_WORK REQUEST_: In the data below, one line contains "Finntrail Rubber Boots Outlander Khaki 6" and a later one contains "Compact Structure Wide". Print both, with every line between them, exactly and alone.

_RECORDS TO USE_:
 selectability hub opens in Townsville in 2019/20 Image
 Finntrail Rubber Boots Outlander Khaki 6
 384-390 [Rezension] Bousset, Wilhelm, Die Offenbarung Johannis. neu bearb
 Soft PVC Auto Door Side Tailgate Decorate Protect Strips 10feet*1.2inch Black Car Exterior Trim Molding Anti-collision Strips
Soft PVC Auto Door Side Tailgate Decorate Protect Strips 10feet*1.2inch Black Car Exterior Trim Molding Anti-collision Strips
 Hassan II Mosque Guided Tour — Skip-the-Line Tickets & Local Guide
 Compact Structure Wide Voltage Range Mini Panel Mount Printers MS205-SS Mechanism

* * *

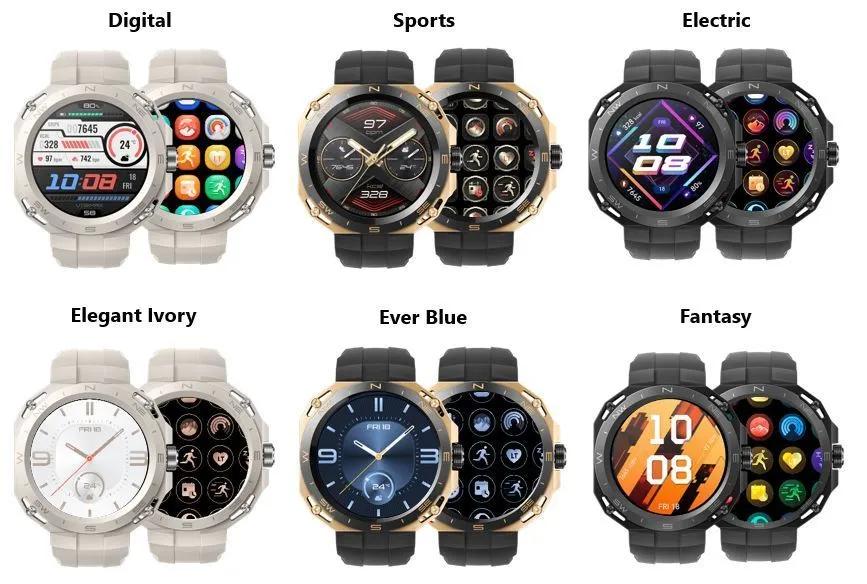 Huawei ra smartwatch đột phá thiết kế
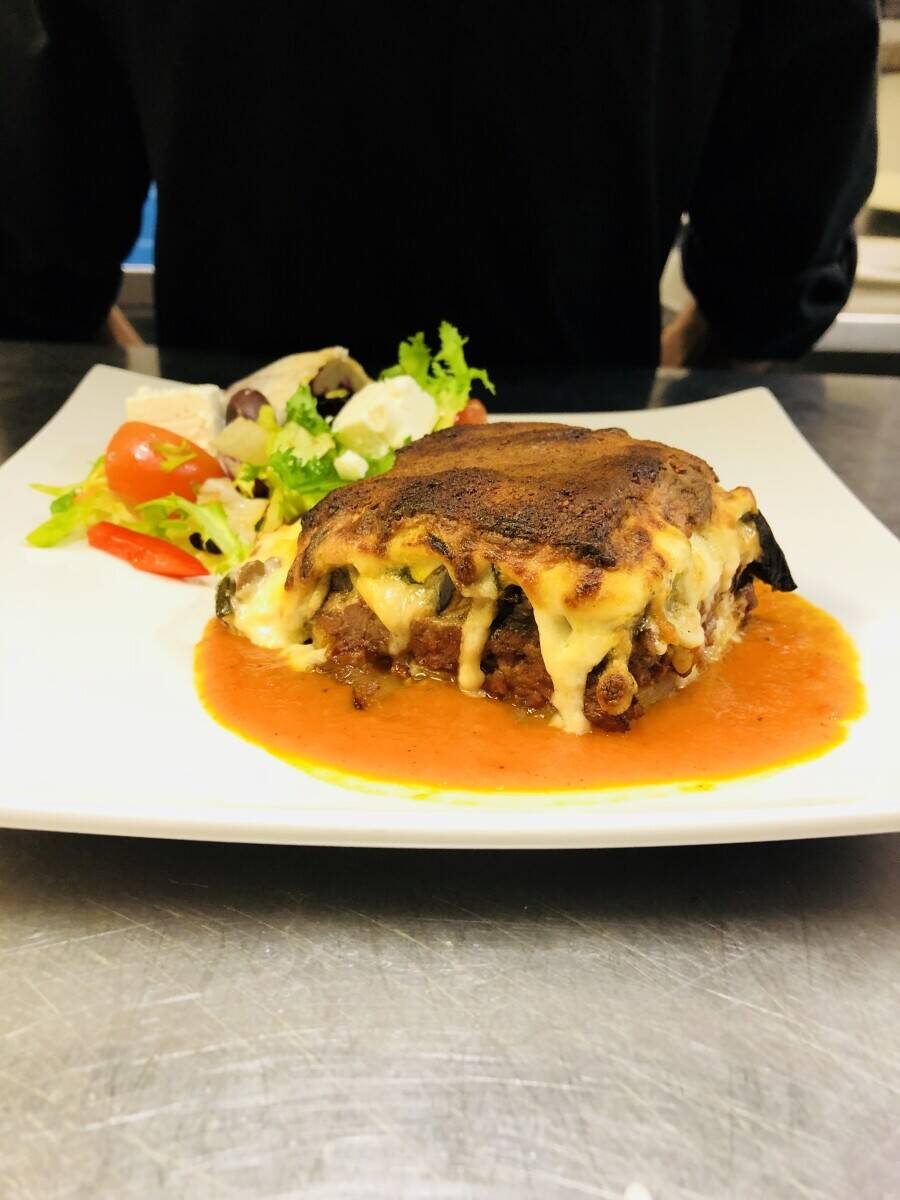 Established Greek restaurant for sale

_SOLUTION TO THE PROBLEM_:
 Finntrail Rubber Boots Outlander Khaki 6
 384-390 [Rezension] Bousset, Wilhelm, Die Offenbarung Johannis. neu bearb
 Soft PVC Auto Door Side Tailgate Decorate Protect Strips 10feet*1.2inch Black Car Exterior Trim Molding Anti-collision Strips
Soft PVC Auto Door Side Tailgate Decorate Protect Strips 10feet*1.2inch Black Car Exterior Trim Molding Anti-collision Strips
 Hassan II Mosque Guided Tour — Skip-the-Line Tickets & Local Guide
 Compact Structure Wide Voltage Range Mini Panel Mount Printers MS205-SS Mechanism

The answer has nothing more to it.